In April 2007, Charter Holdings completed a tender offer, in
which $97 million of Charter Holdings’ notes were accepted in
exchange for $100 million of total consideration, including
premiums and accrued interest. In addition, Charter Holdings
redeemed $187 million of its 8.625% senior notes due April 1,
2009 and CCO Holdings redeemed $550 million of its senior
floating rate notes due December 15, 2010. These redemptions
closed in April 2007. The redemptions and tender resulted in a
loss on extinguishment of debt of approximately $22 million for
the year ended December 31, 2007, included in gain (loss) on
extinguishment of debt and preferred stock on the Company’s
consolidated statements of operations.
On April 1, 2007, $105 million of Charter Holdings
8.25% notes matured and were paid off with proceeds from the
CCO Holdings credit facility.
CCH I Holdings, LLC Notes
The CIH notes are senior debt obligations of CIH and CCH I
Holdings Capital Corp. They rank equally with all other current
and future unsecured, unsubordinated obligations of CIH and
CCH I Holdings Capital Corp. The CIH notes are structurally
subordinated to all obligations of subsidiaries of CIH, including
the CCH I notes, the CCH II notes, the CCO Holdings notes,
the Charter Operating notes and the Charter Operating credit
facilities. The CIH notes are guaranteed on a senior unsecured
basis by Charter Holdings. As of December 31, 2007, there was
$2.5 billion in accreted value for legal purposes and notes
indentures purposes.
The CIH notes may be redeemed at any time at a premium.

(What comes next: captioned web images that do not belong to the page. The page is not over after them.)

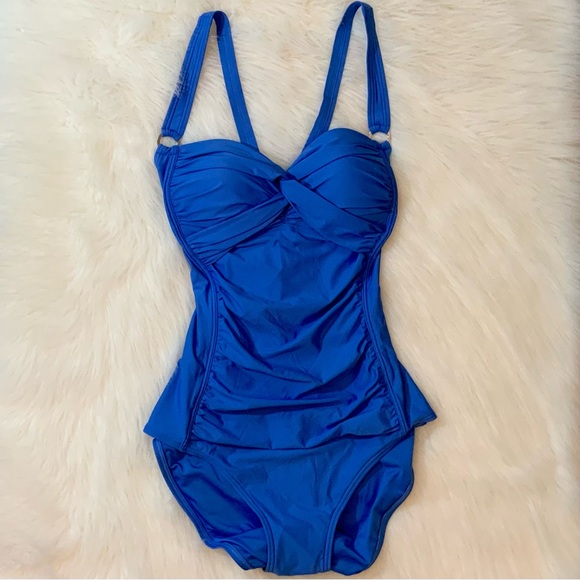 DKNY Bright Blue One-Piece Swim Suit with Twist Front - Picture 2 of 9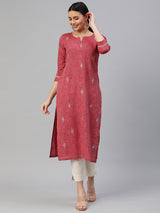 Embroidered Straight cotton Kurta.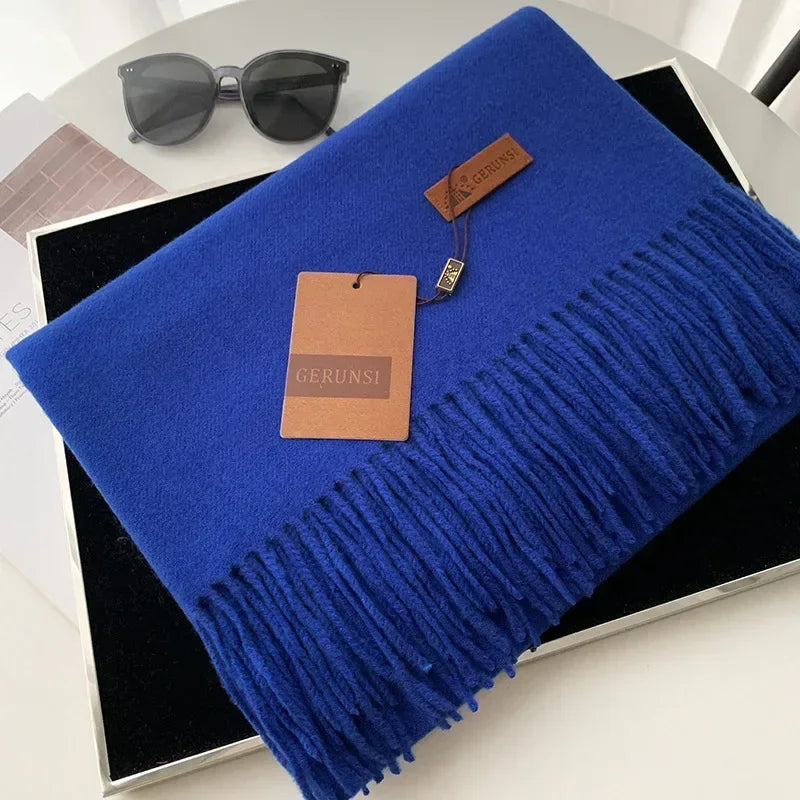 2024 Winter Cashmere Scarf Women Thick Warm Pashmina Shawls Wraps Solid Color Tassel Lady Blanket Echarpe Bufanda Hijab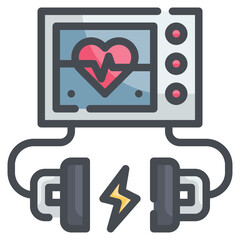 defibrillator flat icon - obrazy, fototapety, plakaty
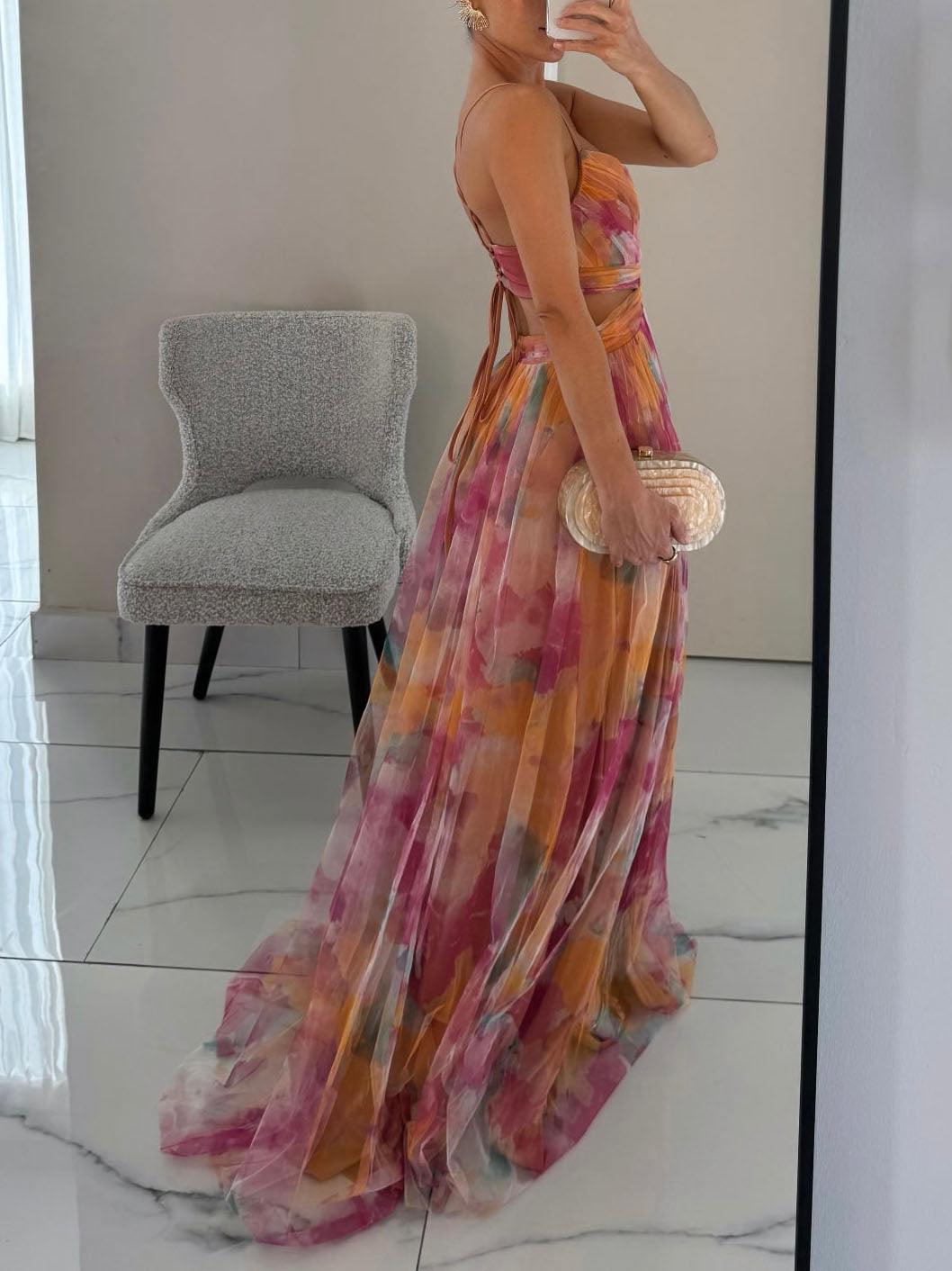 Antonia | Abito lungo con stampa floreale e scollo a V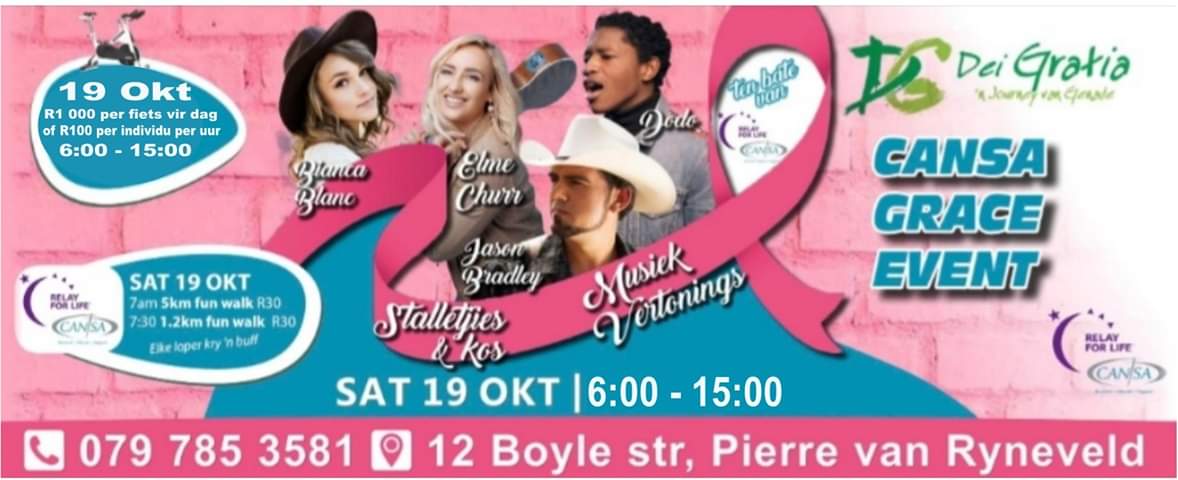 jasonbradleySA's tweet photo. Come and join the CANSA GRACE EVENT happening today! https://t.co/IKt576eAOy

The optional redemption price declines to 100% of the respective
series’ principal amount, plus accrued and unpaid interest, on or
after varying dates generally in 2009 and 2010.
In the event that a specified change of control event
happens, CIH and CCH I Holdings Capital Corp. must offer to
repurchase any outstanding notes at a price equal to the sum of
the accreted value of the notes plus accrued and unpaid interest
plus a premium that varies over time.
CCH I, LLC Notes
The CCH I notes are guaranteed on a senior unsecured basis by
Charter Holdings and are secured by a pledge of 100% of the
equity interest of CCH I’s wholly owned direct subsidiary, CCH
II, and by a pledge of CCH I’s 70% interest in the 24,273,943
Class A preferred membership units of CC VIII (collectively, the
“CC VIII interest”), and the proceeds thereof. Such pledges are
subject to significant limitations as described in the related pledge
agreement.
The CCH I notes are senior debt obligations of CCH I and
CCH I Capital Corp. To the extent of the value of the collateral,
they rank senior to all of CCH I’s future unsecured senior
indebtedness. The CCH I notes are structurally subordinated to
all obligations of subsidiaries of CCH I, including the CCH II
notes, CCO Holdings notes, the Charter Operating notes and the
Charter Operating credit facilities. As of December 31, 2007,
there was $4.0 billion in accreted value for legal purposes and
notes indentures purposes.
CCH I and CCH I Capital Corp. may, prior to October 1,
2008 in the event of a qualified equity offering providing
sufficient proceeds, redeem up to 35% of the aggregate principal
amount of the CCH I notes at a redemption price of 111% of the
principal amount plus accrued and unpaid interest. Aside from
this provision, CCH I and CCH I Capital Corp. may not redeem
at their option any of the notes prior to October 1, 2010. On or
after October 1, 2010, CCH I and CCH I Capital Corp. may
redeem, in whole or in part, CCH I notes at anytime, in each
case at a premium. The optional redemption price declines to
100% of the principal amount, plus accrued and unpaid interest,
on or after October 1, 2013.
If a change of control occurs, each holder of the CCH I
notes will have the right to require the repurchase of all or any
part of that holder’s CCH I notes at 101% of the principal
amount plus accrued and unpaid interest.
CCH II, LLC Notes
The CCH II Notes are senior debt obligations of CCH II and
CCH II Capital Corp. The CCH II Notes rank equally with all
other current and future unsecured, unsubordinated obligations
of CCH II and CCH II Capital Corp. The CCH II 2013 Notes
are guaranteed on a senior unsecured basis by Charter Holdings.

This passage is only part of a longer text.